* **YOUR INSTRUCTIONS**
Your output should be the lines from the one with "Love Is Patient" through the last line of the records below, exactly as written, minus the pictures.

* **DATASET**
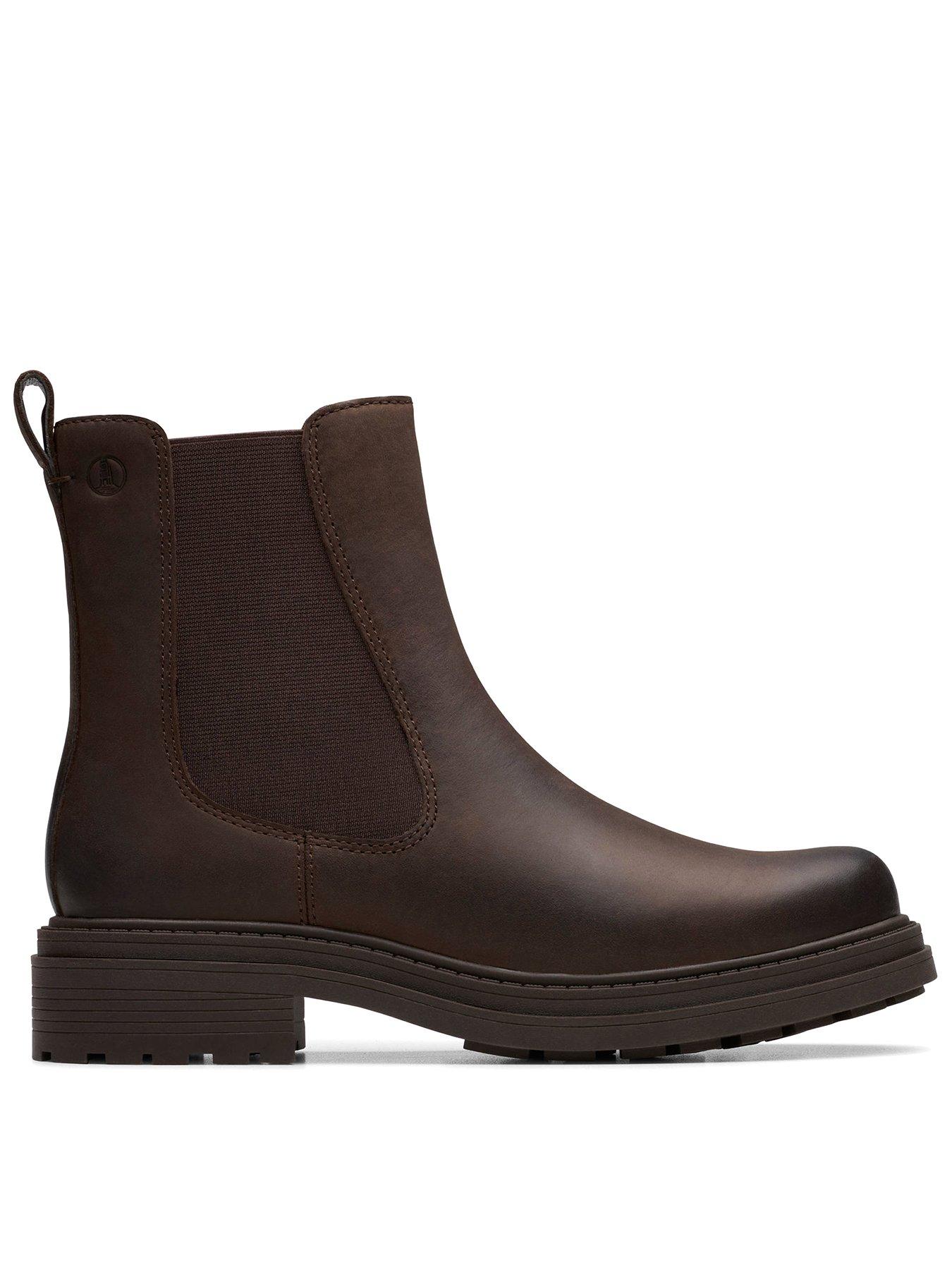 Clarks Wide Fit Orinoco 3 Top Boot - Brown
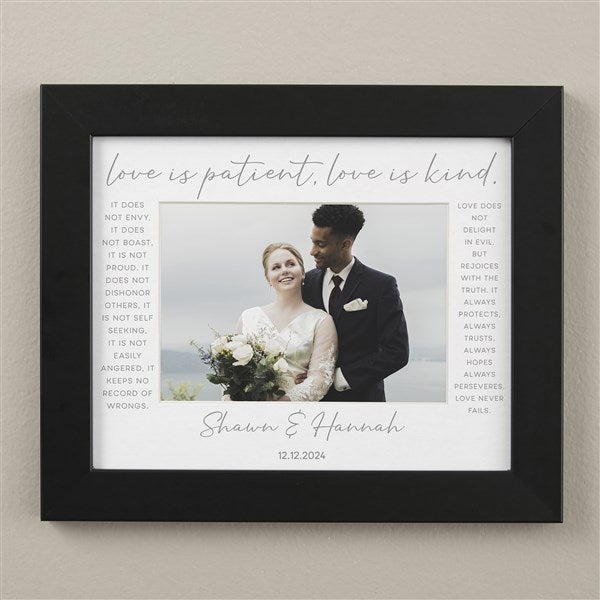 Love Is Patient Personalized Matted Frames - 31316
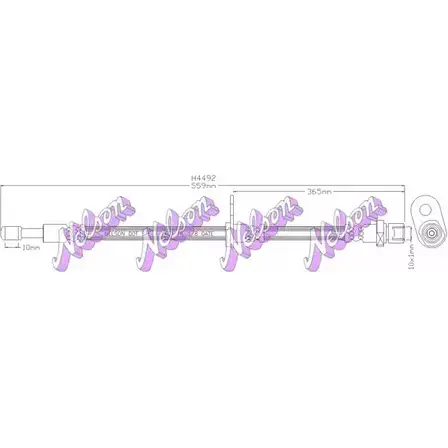 Тормозной шланг BROVEX-NELSON H4492 3971492 J 9FH08 Q4RYK изображение 0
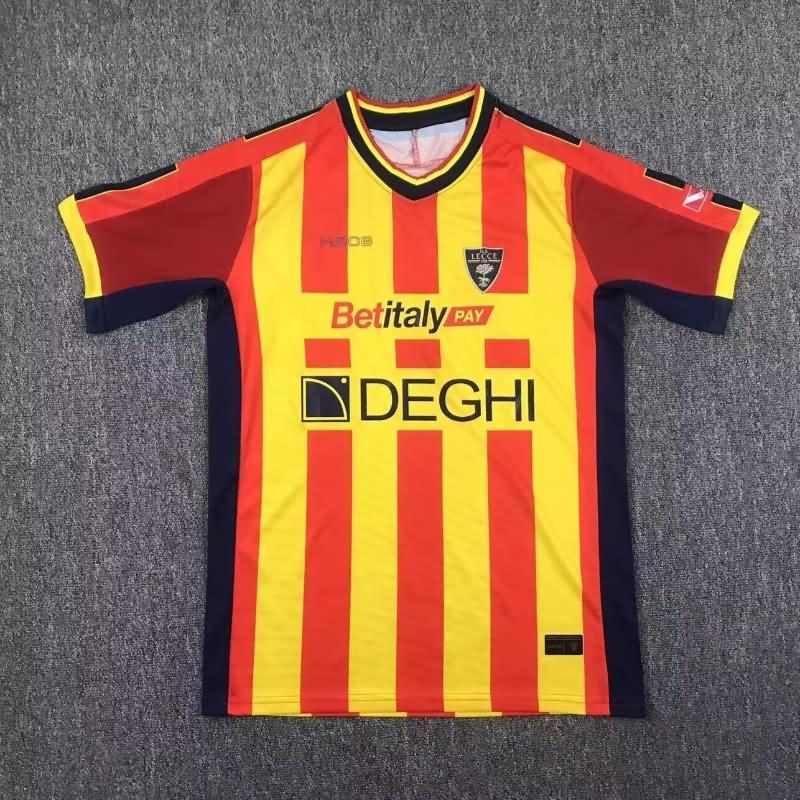 Thailand Quality(AAA) 24/25 Lecce Home Soccer Jersey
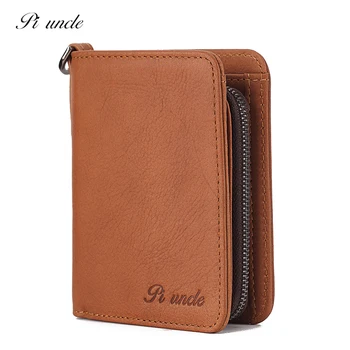 Moda Hakiki Deri erkek küçük cüzdan Paraları Cep Para Çanta el çantası Rfid Mini Cüzdan İnek Derisi Basit Yeni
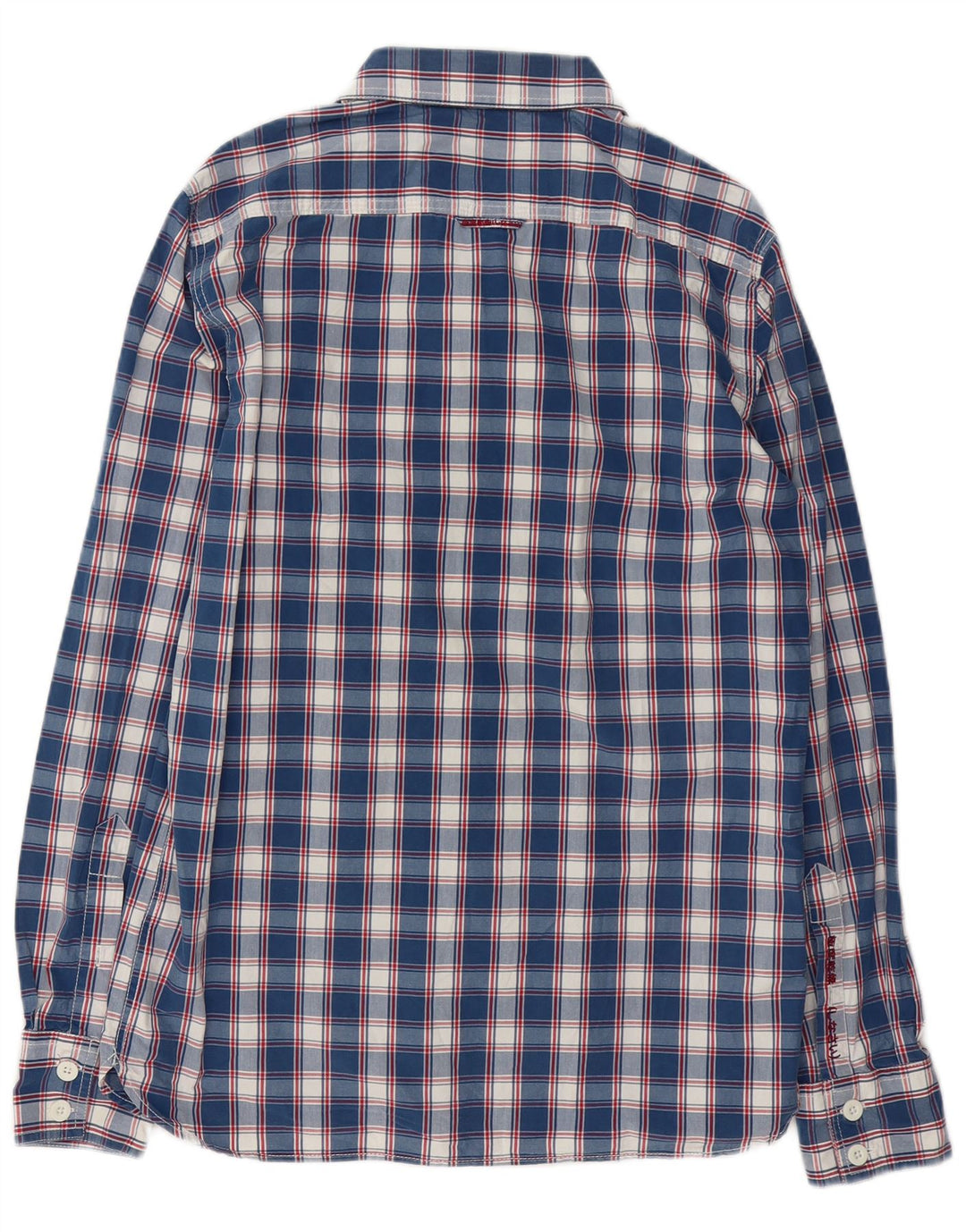 Superdry Herrenhemd aus Baumwolle, groß, blau kariert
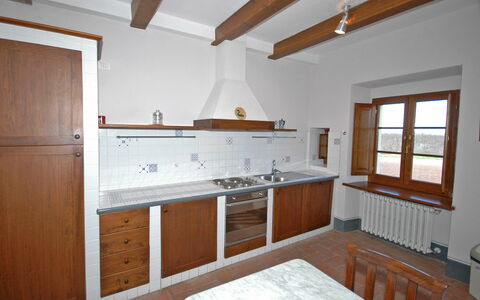 Accommodation Fornacino 5: Dining Room, Kitchen, Living Room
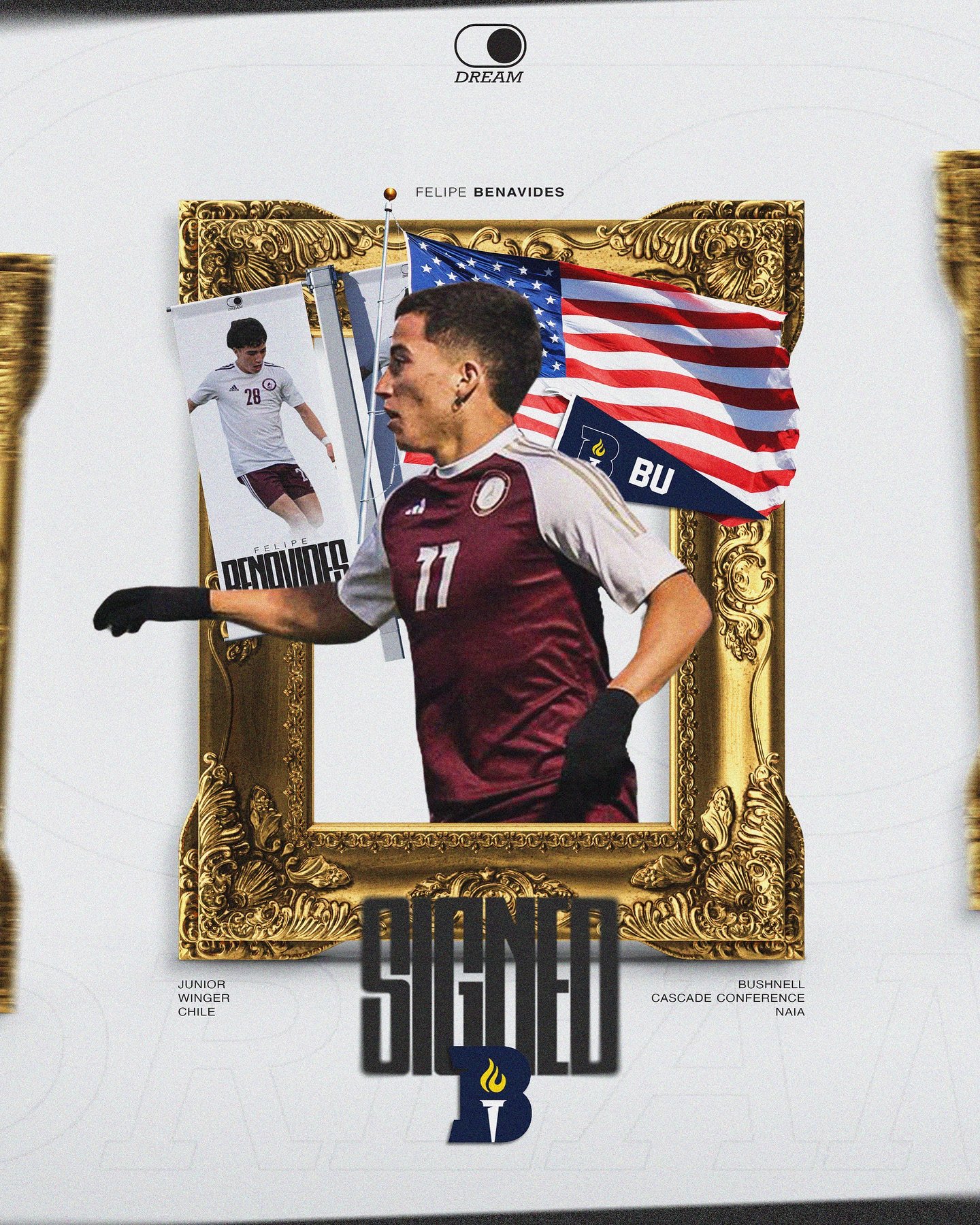 Signed dream ✍️ 🇨🇱

Queremos felicitar a Felipe Benavides por haber firmado con Bushnell University y embarcar un nuevo camino en el estado de Oreg&oacute;n. 👏

Estamos muy orgullosos de estar asesorando a Felipe. Nosotros creemos en ti y agradece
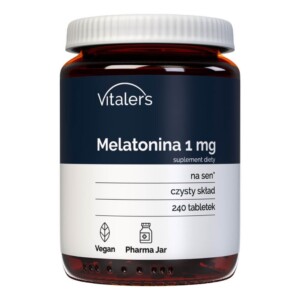 Vitaler's Melatonina 1 mg - 240 tabletek | Sen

* **YOUR RESPONSE**
 Love Is Patient Personalized Matted Frames - 31316
 Тормозной шланг BROVEX-NELSON H4492 3971492 J 9FH08 Q4RYK изображение 0
 Thailand Quality(AAA) 24/25 Lecce Home Soccer Jersey
 Moda Hakiki Deri erkek küçük cüzdan Paraları Cep Para Çanta el çantası Rfid Mini Cüzdan İnek Derisi Basit Yeni
 Superdry Herrenhemd aus Baumwolle, groß, blau kariert
 Accommodation Fornacino 5: Dining Room, Kitchen, Living Room
 Signed dream ✍️ 🇨🇱

Queremos felicitar a Felipe Benavides por haber firmado con Bushnell University y embarcar un nuevo camino en el estado de Oreg&oacute;n. 👏

Estamos muy orgullosos de estar asesorando a Felipe. Nosotros creemos en ti y agradece
 Vitaler's Melatonina 1 mg - 240 tabletek | Sen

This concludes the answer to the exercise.